UO community researchers to attend Breath of Life 2.0 workshop

A team from the UO is helping lead a workshop this summer at Miami University in Ohio to train scholars to use unique software to restore and preserve indigenous languages at risk of disappearing.

Four UO faculty members, an undergraduate student and a UO alumna will attend the National Breath of Life 2.0 workshop held July 15-19 at the Myaamia Center at Miami University in Oxford, Ohio. The workshop will provide training in the use of the Indigenous Languages Digital Archive, the only available software that allows for the organization, storage and retrieval of digital linguistic archival materials.
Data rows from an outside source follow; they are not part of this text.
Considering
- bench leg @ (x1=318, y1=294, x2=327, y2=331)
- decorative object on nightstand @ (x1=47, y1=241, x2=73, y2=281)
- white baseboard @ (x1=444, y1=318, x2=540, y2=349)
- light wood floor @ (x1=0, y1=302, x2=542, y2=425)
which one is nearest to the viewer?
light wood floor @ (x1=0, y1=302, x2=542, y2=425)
“The field of revitalization of languages that have been dormant at some point has grown dramatically,” said Gabriela Pérez Báez, assistant professor of linguistics and co-director of the National Breath of Life Archival Institute for Indigenous Languages. “ILDA ultimately allows a community to develop an archive that is under their control, organized on their own terms and processed for the purpose of advancing their own goals.”
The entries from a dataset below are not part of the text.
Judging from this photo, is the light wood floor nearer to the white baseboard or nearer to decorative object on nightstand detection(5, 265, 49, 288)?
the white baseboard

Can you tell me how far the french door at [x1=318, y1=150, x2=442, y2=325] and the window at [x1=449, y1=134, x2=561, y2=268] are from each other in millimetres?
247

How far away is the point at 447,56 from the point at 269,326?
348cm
The researchers are currently working on Nisenan, Oneida, Menominee and Numa, as well as the languages of the Confederated Tribes of Coos, Lower Umpqua and Siuslaw Indians — Hanis, Miluk, Alsea and Siuslaw.

Since 2011, the National Breath of Life has provided training on the use of archival documentation for the revitalization of highly endangered and dormant languages to 117 community researchers from 55 language communities.

The National Breath of Life 2.0 workshop is funded by a grant from the National Endowment for the Humanities. The grant was awarded to Daryl Baldwin, director of the Myaamia Center at Miami University, and Pérez Báez.

A second National Breath of Life 2.0 workshop will be hosted at the UO in summer 2020.